Author: Ross Moore

Posted on by

Stochastic Forensics

Chiswick Chap, CC BY-SA 3.0 https://creativecommons.org/licenses/by-sa/3.0, via Wikimedia Commons; cropped to fit

Camouflage and Freezing

The Potoo bird has natural camouflage and employs a fascinating defense –  when a potential predator is nearby, it remains motionless, a tactic called freezing (even the baby potoo does this). With the camouflage and stillness (often imitating a branch), predators who detect motion can’t see them. Those predators would need another way to find it; they’d need to rely on something they knew wasn’t quite right, to detect some form of out-of-the-usual pattern.
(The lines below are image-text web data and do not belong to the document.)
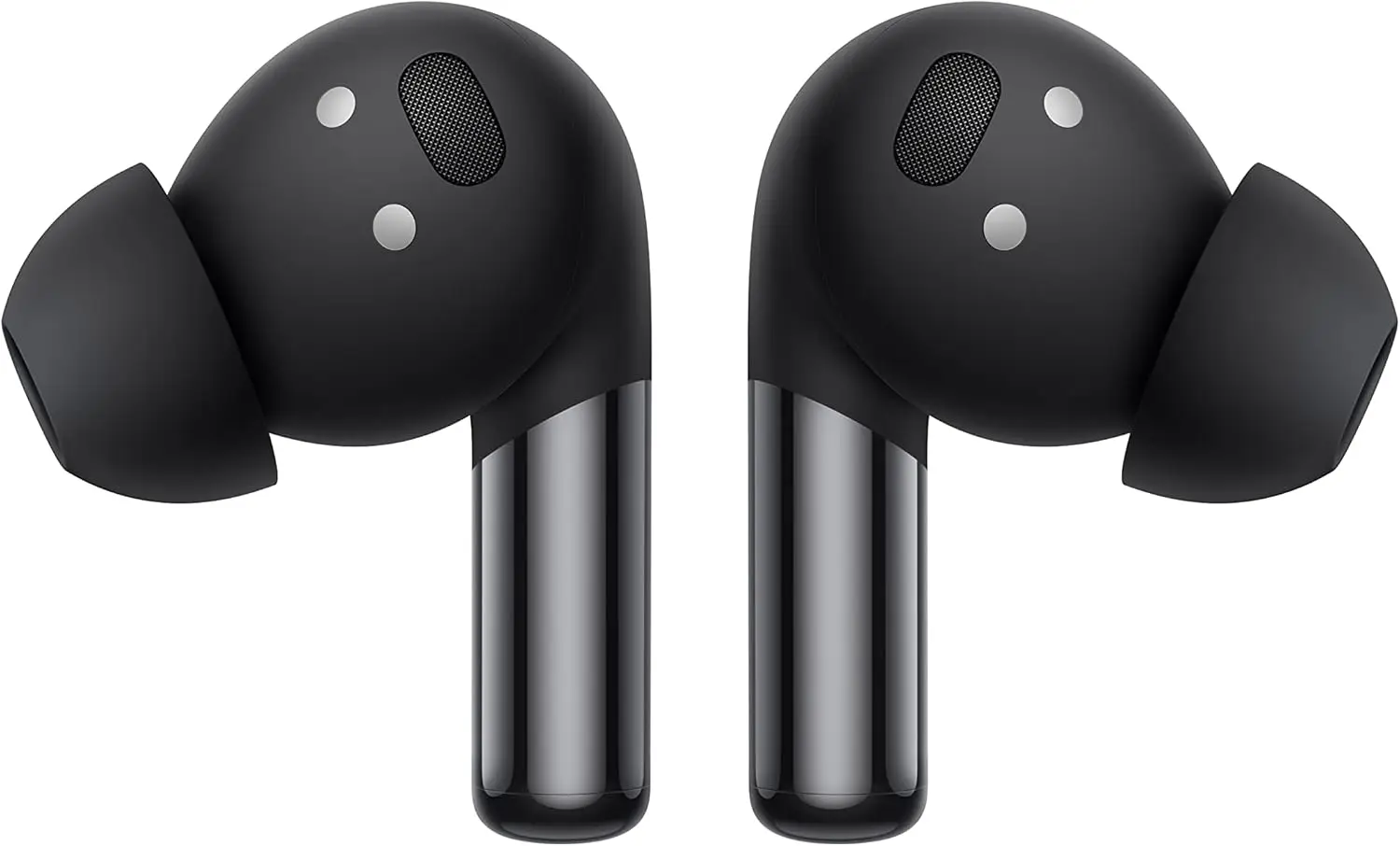 OnePlus Buds Pro 2 - Must - Image 4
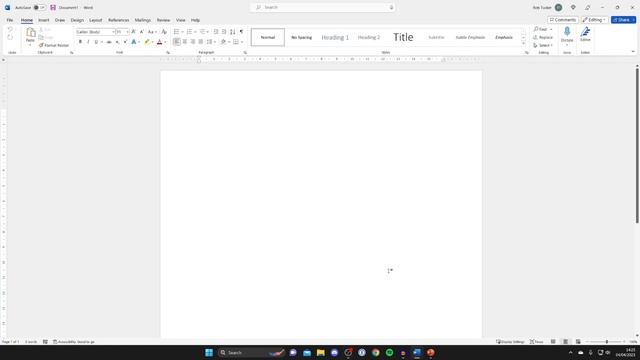 How To Split Screen In Windows 11 - Full Guide смотреть онлайн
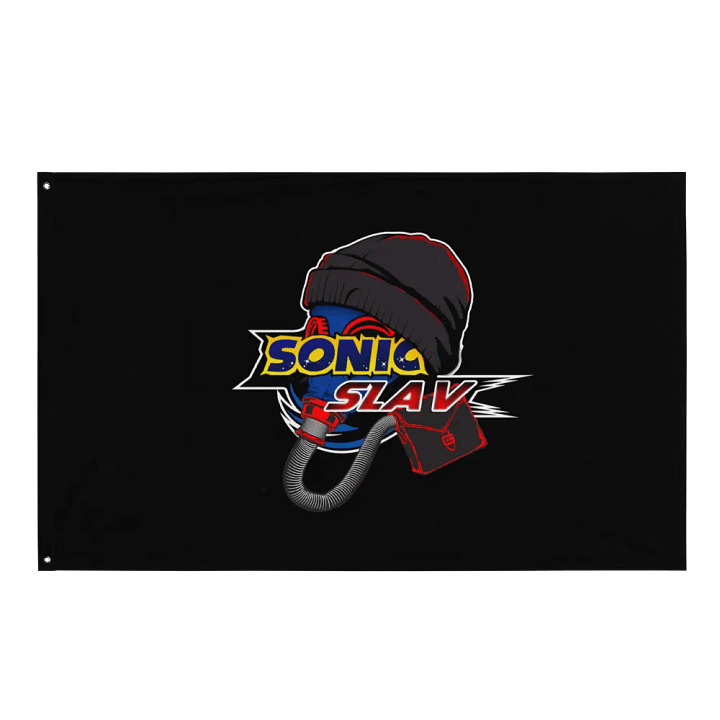 S.S. Flag product image (1)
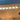 Hue Light Strip Halterung – Sichere Befestigung für Philips Hue Light Strips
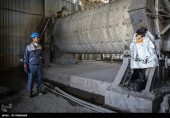 دومین تاجر بزرگ فلزات در جهان خواستار افزایش تجارت با ایران شد 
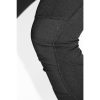 Portwest KX380 KX3 Women’s Flexi Work Leggings fekete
Let’s say this Predator (P) travels that way every day and the potoo bird (B) is in a different spot every time. If P could take a photo of the scene each day, it wouldn’t notice B, but would potentially notice a change in each photo – an extra tree limb, a longer branch, etc. A branch could have grown, B might not be in the photo, a limb could have broken – so no photo is conclusive. But over time when all the photos are put together, P could potentially be able to a) know when B was there and b) know B’s pattern of movement. P could even potentially create a flipbook from all the photos to actually recreate the movement.

Signs of Random

This collation of seemingly random data points to see what information emerges is call “stochastic analysis” or “stochastic process.” and is a long-standing and time-honored mathematical model for making predictions (e.g., financial opportunities, bacterial growth patterns) based on random occurrences.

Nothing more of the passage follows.